Here at MIT Sloan, we love models. We like to analyze; we like plans, descriptions, evidence, and tests. When it comes to what works and what doesn’t in global health delivery, we are not quite comfortable with the state of shared knowledge. In many ways, that is the reason behind this class–and the motivating interest in the emerging science of global health delivery. We want to develop operational, managerial, and social science perspectives on what is being done well in the field, and what could be done even better. And we want to do this with an eye to collaborating with the managers and workers who have invited us in to help them. It’s an amazing opportunity for us, humbling and exciting at the same time, and it demands a discipline of both faculty and students–we’ve little time before the students leave in January, and we have so much to cover!
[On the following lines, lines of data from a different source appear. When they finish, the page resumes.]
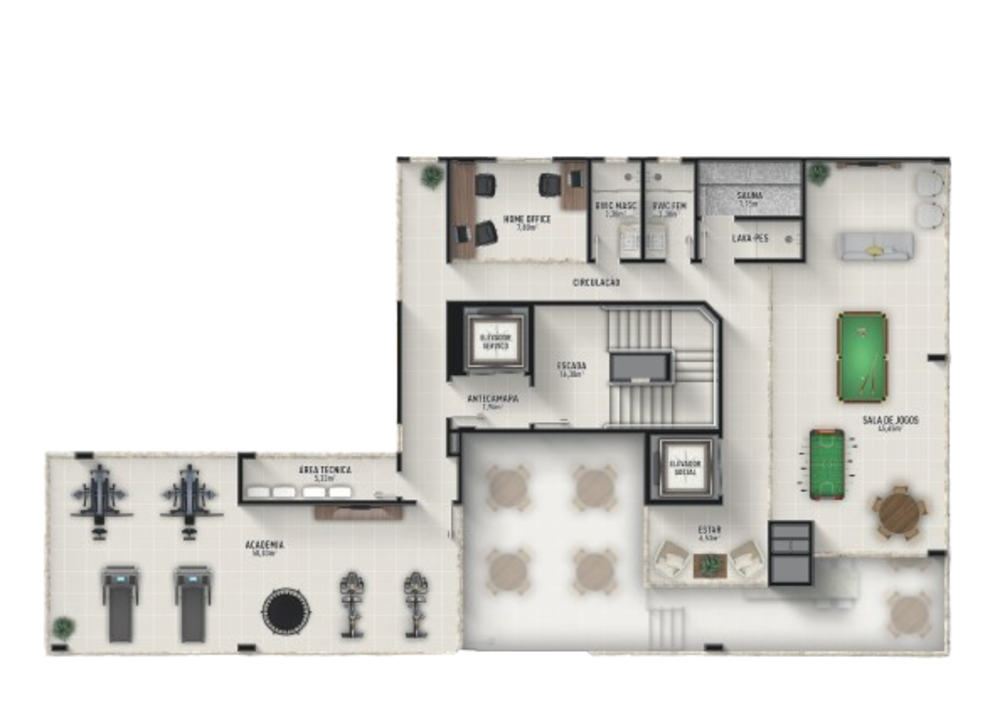 Apartamento, 4 quartos, 220 m² - Foto 1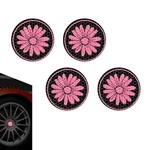 4 Pcs Car Wheel Center Cap Stickers, Reflective Automotive Hub Daisy Decor De.... Fixed Price $34.77.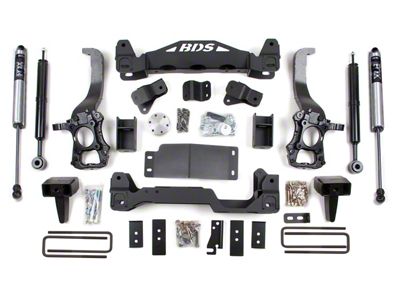 BDS 6-Inch Suspension Lift Kit with 4-Inch Rear Lift Blocks and FOX 2.0 Performance Shocks (09-13 4WD F-150, Excluding Raptor)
As a result, we kicked off the class in 2008 by choosing a point of view that focuses on on-the-ground organizations and the people who work in them. This means we have to sidestep many big, important, and vexing issues–for instance, about policy–in favor of looking at specific enterprises. Our hope is that in understanding a little more about our partner enterprises, we’ll also get some insights into the cross-cutting issues. Such focus also fits well with our students’ orientations. Most are second-year MBA students, and are naturally inclined to analyze both problems and opportunities at the level of the organization, its staff, its setting, its stakeholders, its capabilities and its assets.

Note from November 2008

To set the stage, in week two of the course, we started by looking at a few organizations whose models for global health delivery are inspiring us. On day one, we’d caught a glimpse of Zambia’s CIDRZ; in our third class, thanks to Dr. Rebecca Weintraub, we learned more about AMPATH and a bit about TASO. We then looked to the Partners In Health model, the Haitian organization Zanmi Lasante, and thanks to Dr. Peter Drobac, the start of PIH’s work in Rwinkwavu, Rwanda. Read his notes from the field to learn more about Patricie, the patient he told us about in class. And check back for more on Dr. Drobac’s perspective in a blog post to come.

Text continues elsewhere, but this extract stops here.